Segment Open

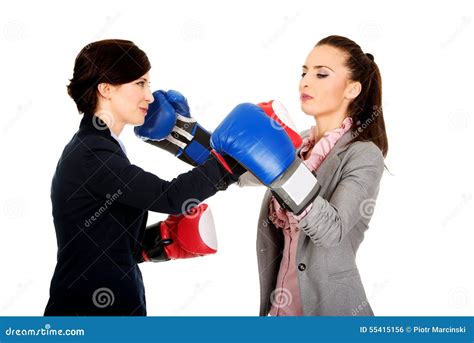 Two Business Women With Boxing Gloves Fighting Stock Photo Image Of
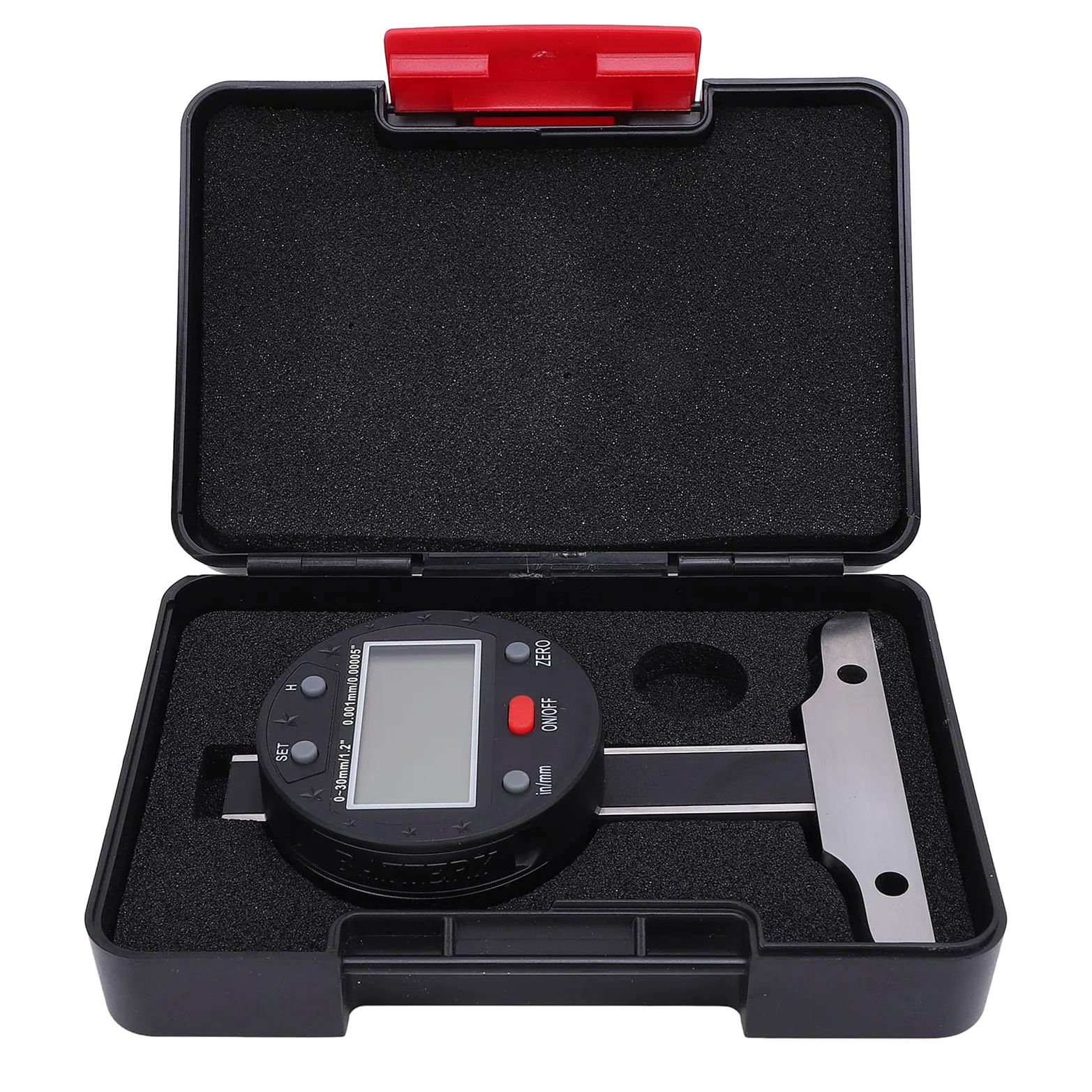 Cuifati Medidor de Profundidad Digital 0-30 Mm 0-1,2 Pulgadas Indicador Electrónico con Precisión de 0,001 Mm 0,0005 Pulgadas, Herramienta de Medición de Profundidad de Transferencia de Datos USB,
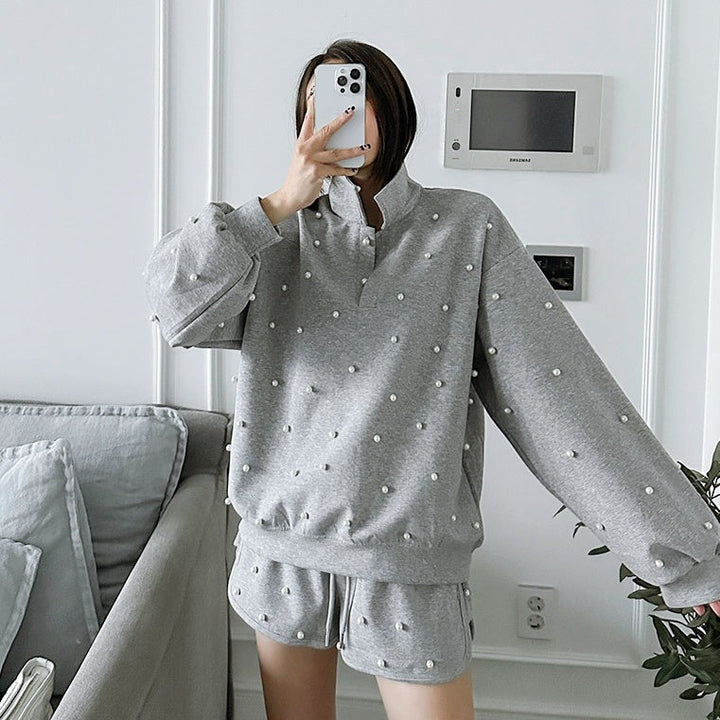 ポロカラーパールルーズセットアップ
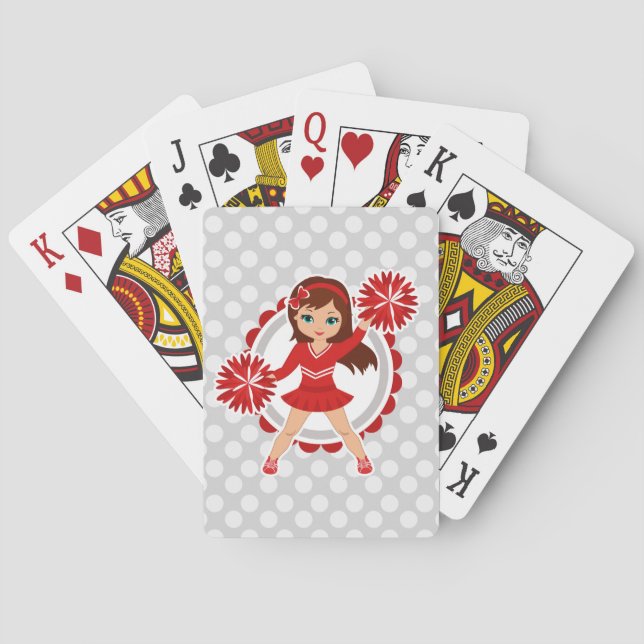 Jeu De Cartes Pom-pom girl - Jolie Brunette Rouge (dos)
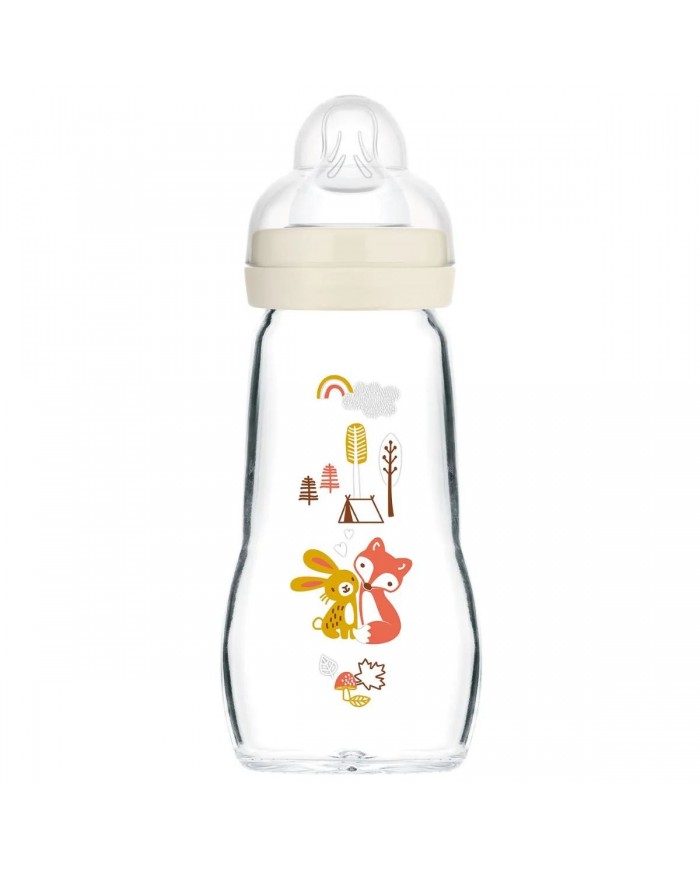 Biberon en verre 260 ml - 2mois+ - Matt linen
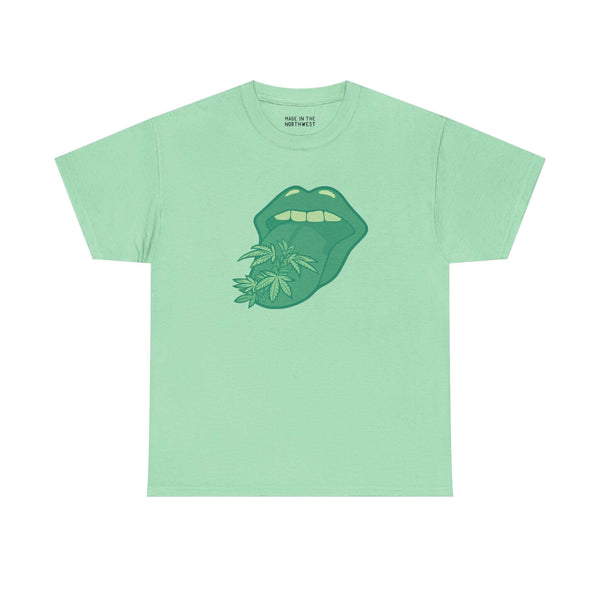 Tongue Tied and Lifted athletic tee featuring a green mouth design with marijuana leaves on a light green shirt.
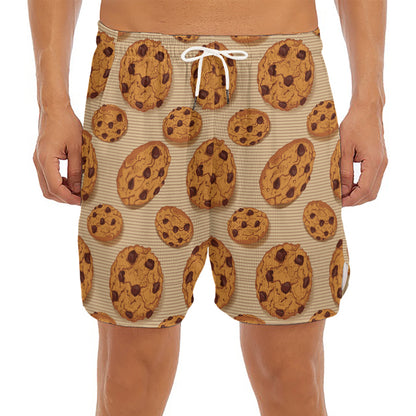 Chocolate Chip Cookie Pattern Print Men's Split Running Shorts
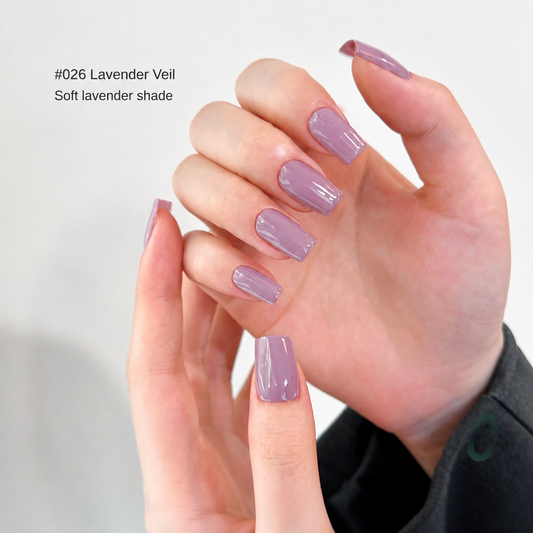 Lavender Veil gel nail color manicure on square-shaped nails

Segment Closed

• [Task statement]
In the listing above, find the line containing "ポロカラーパールルーズセットアップ" and the line containing "Chocolate Chip Cookie", then return both of them and every line between, exactly, without pictures.

• [Answer for the task]
 ポロカラーパールルーズセットアップ
 Jeu De Cartes Pom-pom girl - Jolie Brunette Rouge (dos)
 Biberon en verre 260 ml - 2mois+ - Matt linen
 Tongue Tied and Lifted athletic tee featuring a green mouth design with marijuana leaves on a light green shirt.
 Chocolate Chip Cookie Pattern Print Men's Split Running Shorts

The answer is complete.